I blame the cat. He is getting very slack. After some early “quick wins” (*City lingo alert*) it seems he has “picked all of the low hanging fruit” (*City BS par excellence*), which resulted in some lovely decapitated mice at the back door (and also gave rise to his name – Cooper…. think about it). He now prefers to while away the days in the barn, luxuriating in elaborate grooming routines and long naps. Whenever I pass he looks at me with an expression of: “What? You expect me to get off my rather beautiful bottom and actually go and catch some mice? Really? Forget it”. I’ve never seen anything look quite so disdainful in all my life. Timorous and cowering? I think not.

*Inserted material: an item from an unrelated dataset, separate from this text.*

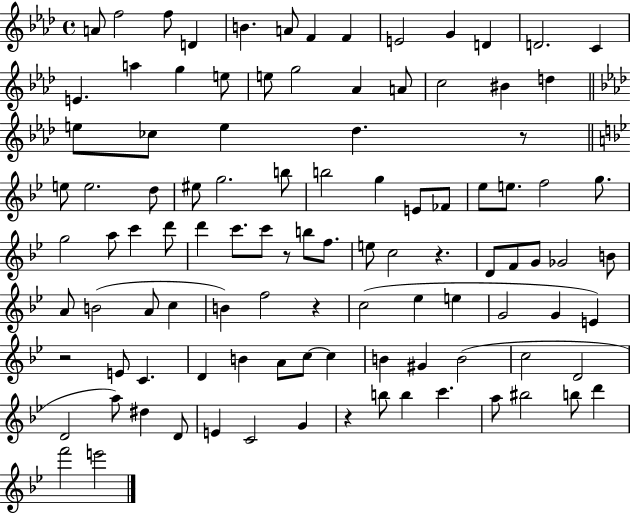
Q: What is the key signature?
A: AES major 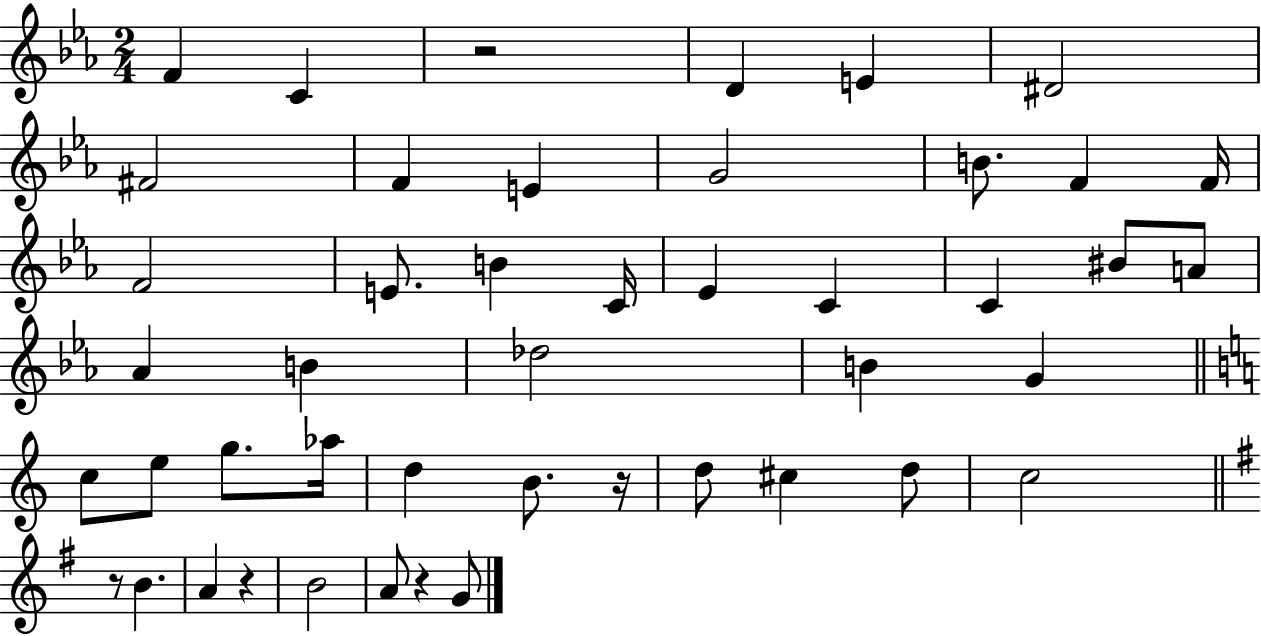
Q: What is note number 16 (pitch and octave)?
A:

|Yes?... was there something?|
Even the poor lawn, after its recent abuse of a winter’s worth of rainwater and being ‘doughnutted’ by a one and a half tonne Landrover, has not escaped the pest extravaganza. It seemed a mole was attempting some sort of geometric experiment with new mole hills appearing daily. Something had to be done. RSPCA officers and members of the Mole Appreciation Society please look away now. Picture the scene: a 6’3’’ hairy Scot, all togged up in heavy duty deer stalking clobber – dark green shooting jacket, camo balaclava, top of the range binoculars, The Works - standing stock still right in the middle of the lawn with a 7lb sledgehammer at his feet like some crazed, macabre croquet player. Then all of a sudden I swear I have never, ever seen him move so fast, he charges and swiftly bonks the top of the emerging mole hill before darting off in the opposite direction to grab the pitchfork “just to make sure”. It may not be the way the farmers around here do it but it was certainly effective (the mole would have known nothing about it) and, from my vantage point at the bedroom window, probably one of the funniest things I have ever seen. Who needs a 100lb deer as a target when you can pit your wits against a 4 inch rodent…?
|Attack of the moles|
It may come as no surprise to you to learn that the two things seemingly impervious to the onslaught of pests and disease are, yep, you guessed it, nettles and rhubarb. At the risk of becoming as repetitive and predictable as one of those survival TV programmes where they subsist for weeks on end eating just periwinkles and coconuts, only with shitter weather and more clothing, this week we have been experimenting with roasted rhubarb ketchup. Mr Heinz, eat your heart out!
|Anyone for rhubarb, ...again?|
So it seems we either of too much of something (mice, slugs, moles) or too little (veg, eggs, cooperative cats). All of which seems to be telling us that unlike nice, neat project plans and large teams of people that I’m used to working with, although we may technically own the land, in no way do we control it and in many ways it now owns and controls us. Like all of the previous people who’ve lived here, right back to our Iron Age ancestors who hung out on our hill fort, we’re all really just passing through as visitors who barely make an impact on Mother Nature’s stronghold here. The fact that we provide the odd tasty pea shoot or some lush young kale leaves is really just the icing on an otherwise very nice cake for these creatures. I guess the trick is going to be learning how we can all live happily alongside each other and that I suspect could be a life’s work...
But there is however one beastie around here that is quite happy to tow the party line. Our loyal ‘Springador’, Bru, continues to wander about the place looking still slightly flummoxed that this is in fact now his domain. With his big puppy dog eyes he is always opportunistically hoping that one of us will throw him a stick or anything really that he can retrieve for us to make sure he stays up front and central in our affections. Rather than that dratted farm cat he is now expected to befriend, despite all his doggly instincts!